The increase was the result of high oil prices and growing domestic demand, said John Felmy, chief economist for the American Petroleum Institute.
“Diesel and gasoline are both going up, primarily because crude oil prices have been going up,” said Felmy.
Felmy said retail price fluctuations for both fuels typically follow crude oil prices, but the severity of an increase usually depends on how much demand exists in the retail marketplace.
“If there is stronger demand from consumers, refiners can pass along the full cost of crude oil price increases to their customers, and that’s what’s happening now,” said Felmy.
DOE also said the gasoline average price rose 2.2 cents to $2.981 a gallon.
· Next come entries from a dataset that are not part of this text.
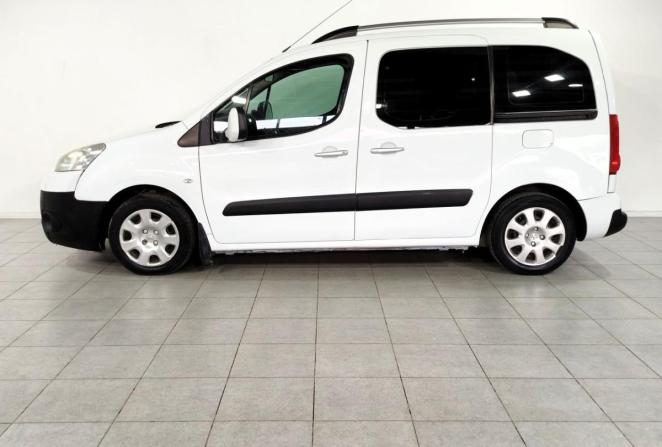 Peugeot Partner II с пробегом 2011 года, цена 695 000 рублей, 167113 км, компактвэн, Автокод Объявления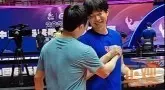 再同框！樊振东与王楚钦笑着击掌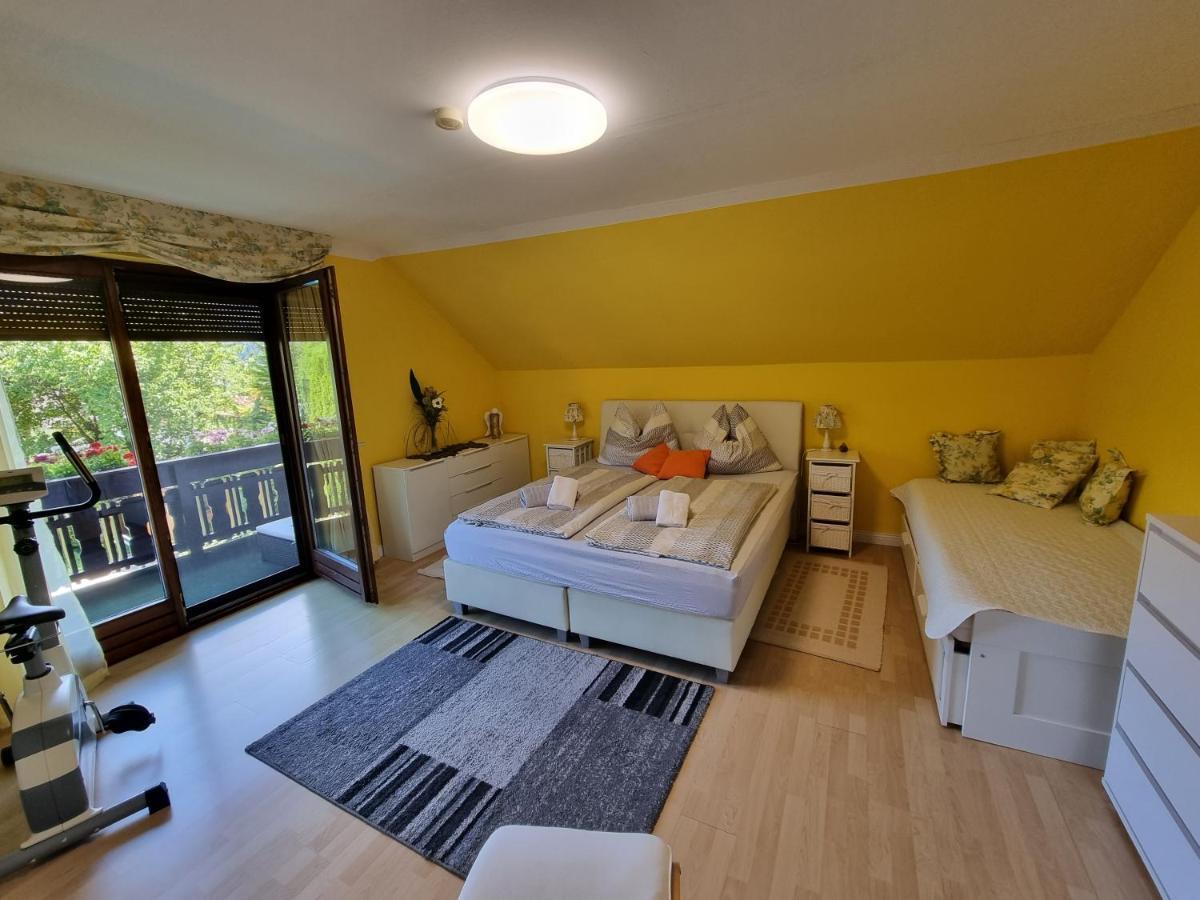 Haus Flora - Ferienwohnung Bodensdorf Bagian luar foto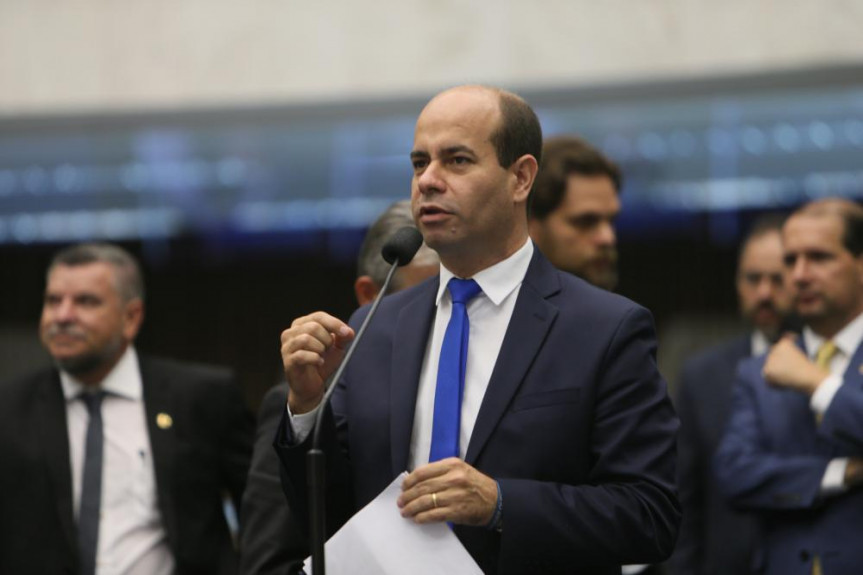 Deputado Evandro Araújo (PSC) quer ouvir representantes dos municípios.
Last week’s report marked the first price increase since gasoline reached a record $3.218 on May 21. It had fallen 25.9 cents over six weeks before last week, leaving it 0.8 cent higher than the corresponding week a year earlier.
Trucking burns an estimated 290 million gallons of gasoline each week.
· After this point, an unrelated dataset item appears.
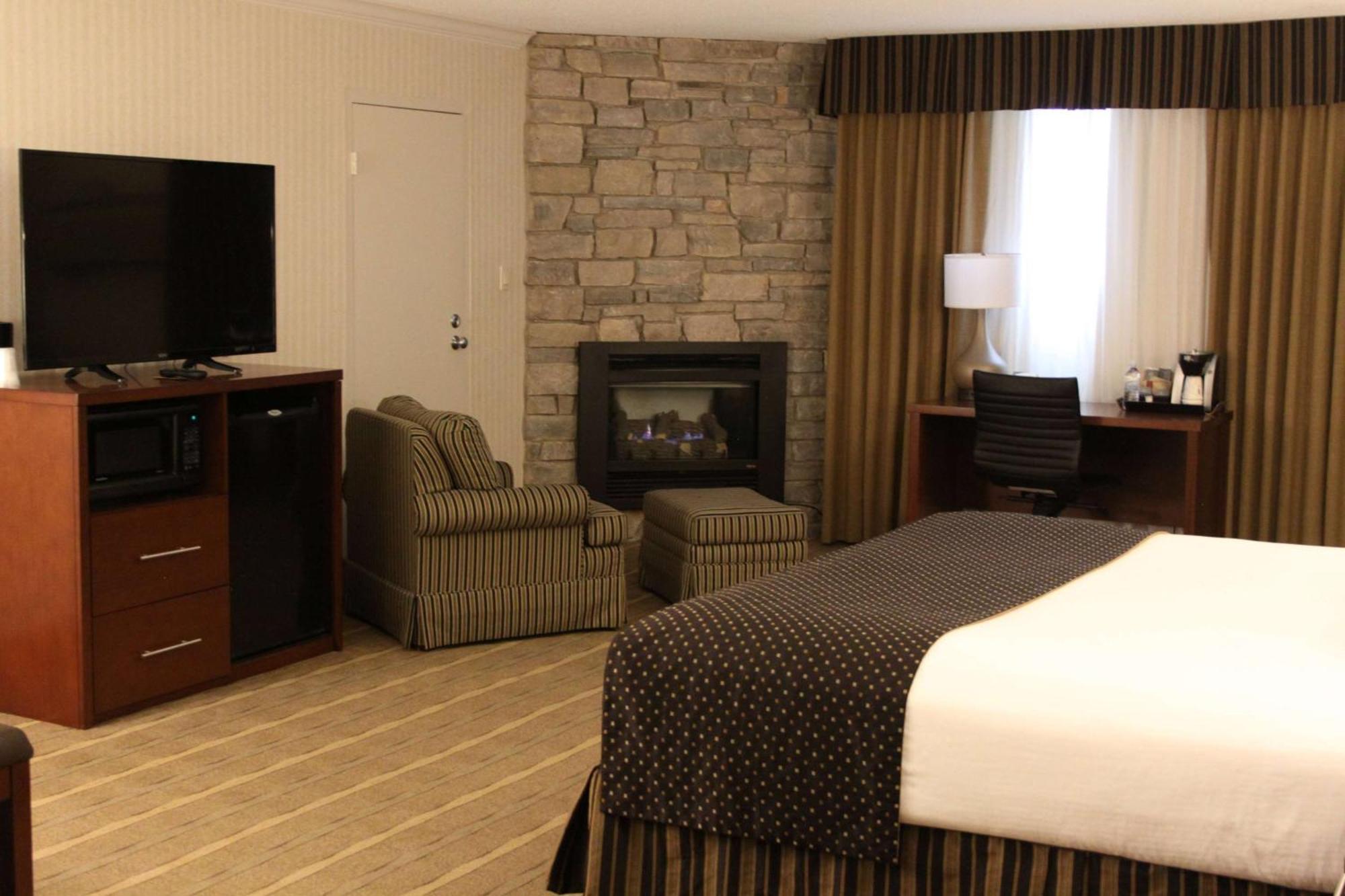 วินด์แฮม การ์เดน วอร์ซอว์ Hotel ภายนอก รูปภาพ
Doug Coen, president of Rochester Cartage, a Rochester, Minn., truckload carrier, said his company is meeting with shippers to discuss potential fuel price increases later this summer.
Coen’s company changes its fuel surcharge weekly, based on DOE’s prices.
“One of our biggest helps in dealing with high prices is to look ahead to the coming months with our shippers, so they know what to expect [in fuel surcharges], instead of reacting to fuel price increases by trying to recoup the cost of diesel,” which may or may not be fully paid by a shipper after an increase, said Coen. “We’ve already talked with our shippers about this summer, and they expect price increases.”
He said his company also monitors the fuel efficiency of its drivers and compares that efficiency to the average miles per gallon run by Rochester’s fleet of 24 trucks.
“We talk to the drivers with the best fuel mileage and the worst, so we can monitor what works best and what wastes money,” said Coen. “There can be a three-quarters of a mile difference per gallon in fuel efficiency, just based on how a driver drives.”
Coen said his company saves about 5% in fuel cost by training drivers to maintain a speed of 65 miles per hour while driving and to shut a truck down every time it is stopped, to reduce idling time.
Meanwhile, Ty Cross, vice president of maintenance for Ryder System, said, “We do everything possible in terms of maintenance to help offset” diesel price increases for customers who lease their trucks.
“We focus on tire maintenance, especially trailer tires,” said Cross, adding that “52% of any gain in fuel efficiency” on average comes from tire maintenance.
“We take a preventive approach to tires, so we check them more frequently than scheduled maintenance intervals,” Cross said.
DOE said in its monthly short-term energy outlook that it expects that diesel’s average price will rise to peaks of $2.901 a gallon in August and $2.904 in September.
For gasoline, “The resolution of many refinery problems that occurred earlier in the season and higher levels of product imports helped bring prices down,” but the fuel will increase to an average of $3.07 a gallon in August before dropping to $2.99 in September, DOE said.
Meanwhile, on July 10, the price of crude oil futures on the New York Mercantile Exchange touched $73.08 a barrel, its highest point since Aug. 25, Bloomberg News reported.
Crude oil prices climbed nearly $7 per barrel in a month, from about $66 on June 11.
Despite that increase, OPEC Secretary General Abdalla el-Badri told Bloomberg that the oil cartel, which supplies more than 40% of the world’s oil, will not increase production because the world market has an adequate supply at current levels.
Oil prices have increased because of unrest in the Middle East and Nigeria and because of a shortage of oil refining capacity, rather than a lack of crude supply, el-Badri said.